徐汝愚神色沉毅,只用淡淡的語氣說著:「你知今日一戰,有多少人殞命?四千眾。為你一人之私義,而害千萬人性命,這樣的仁義,不要也罷。」揮了揮衣袖,側過身來,說道:「祝昆達冥頑不化,為一人之私慾,迫蘭陵全城陷戰火,罪當誅,斬立決。」
私義、私慾?
千萬人的性命。
樊徹乍聞此言,如遭雷殛。
兩名精衛聞令走出,架起祝昆達往外拖去。祝昆達掙扎著嘶喊:「徐性小兒,你要殺我便來,為何要如此待我?」
「徐性小兒,欺世盜名……」
人已拖出府去,聲音仍遙遙傳來,戛然而止,樊徹卻猛的一驚,這才驚覺堂上這許久無人言語,氣氛古怪沉鬱。徐汝愚轉身望來,說道:「人最易受到蒙蔽,執著自己的信念,卻害千萬人性命,忠貞守義、情仇恩怨、天下霸業,修史以來,屢見不鮮,樊翁數十載謹守家族之義,可曾真真想過越郡那如螻蟻一般生存著的平民百姓。」又與眾人說道:「各自準備渡江之事吧。」說罷,出了大堂,逕直往後宅走去,彭慕秋率領護衛緊隨其後。
樊徹怔立當場,邵海棠微微搖頭,與方肅等人走了出去。樊文龍低聲喚道:「二伯。」不見應聲,也微歎著走了出去。
十一月二十六日,蘭陵西北的江水大堤之上,旌旗獵獵,江面上千舸競渡,江堤下兵將橫陣不見其尾。
徐汝愚於這一日,攜蘭陵一戰之威,令十萬歸降軍渡江北上,進入雍揚西境。除了子陽雅蘭率領一萬武衛軍駐守吳州各處,洛伯源率領一萬武衛軍返回江寧,五校軍、驍衛軍也陸續返回鳳陵行營的駐地,徐汝愚僅率領三千五百名青鳳騎隨歸降大軍渡江北上。
就在這一日,徐汝愚負手站在江水大堤之上,接到呼蘭鐵騎已經渡過河水南下擊潰流民大營的消息。
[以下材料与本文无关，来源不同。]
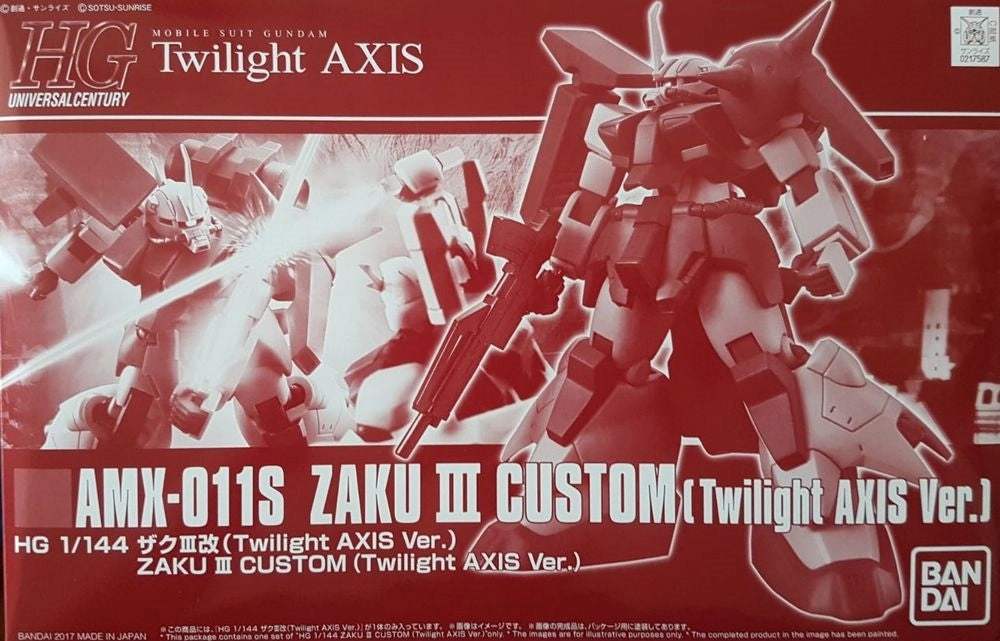 Gundam 1/144 HGUC Mobile Suit Gundam Trilight AXIS AMX-011S Zaku III Custom Twilight Axis Ver. Model Kit Exclusive Robot Statue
「北地寒氣已降月餘,河水將封未封,冰稜塞河,舟楫不行,然而人馬也不能立冰上。伯顏子義令人鑿冰莆城,五千精銳拽馬尾泅渡江水,奔襲桃陵。河南諸家皆未有防備,桃陵流民大營背山結陣,一擊而潰,陷谷地不得出,三十萬流民大營悉數降敵。伯顏子義釋之,流民四溢,人漫其野,伯顏子義令精騎四出,縛流民大營大小頭領千餘人,盡斬之,再出精騎逐殺流民……」
河水將封未封,舟楫不能過河,人馬也不能立冰上,各家警惕心在此時最弱,只在河水南岸留下少量偵騎,大軍早躲入營壘避寒。伯顏子義尋著一個空隙渡河,各家都來不及派兵截擊。呼蘭鐵騎渡過河來,各家又不敢先與之野戰,令伯顏子義得以率領五千鐵騎在河水之南的平原沃野之上縱橫。
流民大營雖有三十萬之眾,但是婦孺居半,青壯男子又不識軍陣,所結的步營陣又能有幾分防禦力,又如何能擋得住鐵騎的衝鋒?最終還被趕入山谷絕地,不得不降。伯顏子義率五千精騎在河水南岸,三十萬生俘令他也生出尾大之感,各家都出精銳來圍,稍有不慎,就有全軍覆滅之虞。伯顏子義將三十萬生俘釋放,待流民走散、一時間又不能聯絡組織的時候,再出精兵去捉捕頭領,將頭領殺光,三十萬流民大軍就沒有一點威脅,然後就毫無顧忌的四處逐殺。有流民相隔,各家精銳生怕流民衝散己方陣形,讓呼蘭鐵騎所乘,也不敢來圍擊。只得任五千呼蘭鐵騎在千里沃野上屠殺流民。
徐汝愚微微一歎,揮手讓趙景雲退下去。
徐汝愚目光落在氣勢恢弘濁浪相簇的江水之上,帶著哀傷、略有著落寞卻又大志洋溢的眼神,彷彿嵌在灰暗沉凝氣度之中的一粒星子,明亮清晰,然而於他自身而言,卻有些煢煢孑立了。
幼黎素手輕執徐汝愚的一角衣襟,輕輕依在他的身側,隨他一起將目光投在渾渾湯湯的江水之上,心情迭蕩起伏,有如江濤。